Byju's BDO Global resignation: Byju Raveendran-led beleaguered edtech giant Byju's has faced yet another set back with the resignation of its audior, BDO Global, after the company failed to provide the necessary documents subsequent to the beginning of bankruptcy proceedings. This is another jolt to a company already mired in governance and financial controversies.

Byju's said on Saturday that BDO Global resigned after the company refused to provide some key documents sought during the insolvency proceedings, according to a report by news agency Reuters. The edtech firm justified its stand by saying those materials had been sought from the board of the company which had been suspended owing to insolvency in progress. Byju's further contended that the requests by BDO ought to have been addressed to the court-appointed insolvency professional, who is currently managing the firm.

The company, once valued at $22 billion and backed by General Atlantic, saw its fortunes fall dramatically after legal disputes with US banks that are demanding it pay up the $1 billion it owes in dues in a situation that triggered the insolvency proceeding and saw some of its assets frozen.

'Lack of transparency'

According to a report by YourStory, BDO MSKA & Associates, part of international audit firm BDO International in India, resigned as the auditor of Byju's, citing grave concerns about a lack of transparency in the books of the company. The auditor, in its resignation letter filed with the Ministry of Corporate Affairs, said it had no option but to resign as the management of Byju's did not provide necessary details despite repeated requests, the report said.

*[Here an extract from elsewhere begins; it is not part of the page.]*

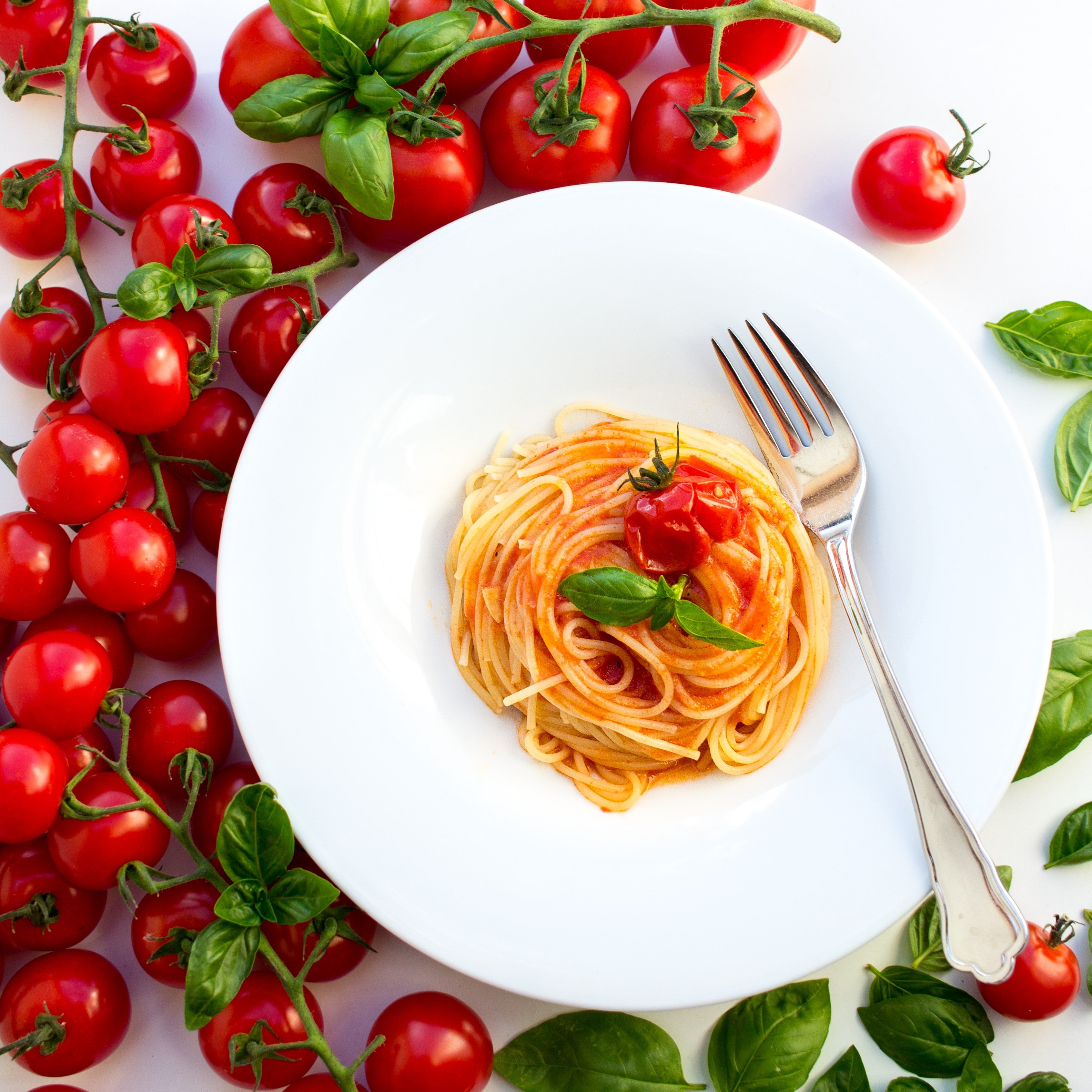 Spaghetti mit gerösteter Tomatensauce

Auditor BDO MSKA & Associates pointed at a lot of ills: a lack of communication, delays in launching a forensic review, and discrepancies surrounding $533 million out of its $1.2 billion term loan raised last year. The auditor apprehended the fact that the company was concealing the whereabouts of the money in question. Due to several e-mails sent between the period of January to June 2024, the auditor did not get sufficient explanation, which, in turn complicated their job of auditing the consolidated financial statements of the company.

The situation only turned worse as the management of Byju's gradually lost control over some of its subsidiaries, which eventually hindered access to critical financial data. In addition, the auditor even cited that the management did not disclose certain vital information, which included shareholder communications, insolvency filings by vendors, and an EGM notice, the report added.

This further gets compounded by the fact that it has been in multiple litigations ranging from its admission for insolvency by the NCLT to disputes with different creditors. The resignation of BDO MSKA & Associates is the latest in the series of setbacks that began with a similar resignation by Deloitte last year on grounds of a lack of cooperation from Byju's management.

Operational and financial creditors, including the firm's fully-owned subsidiary, Aakash Educational Services, have to receive more than Rs 15,000 crore from Byju's. As per the report, the firm owes $101 million-Rs 848 crore-to the Indian government and the Karnataka government too, raising the debt crisis.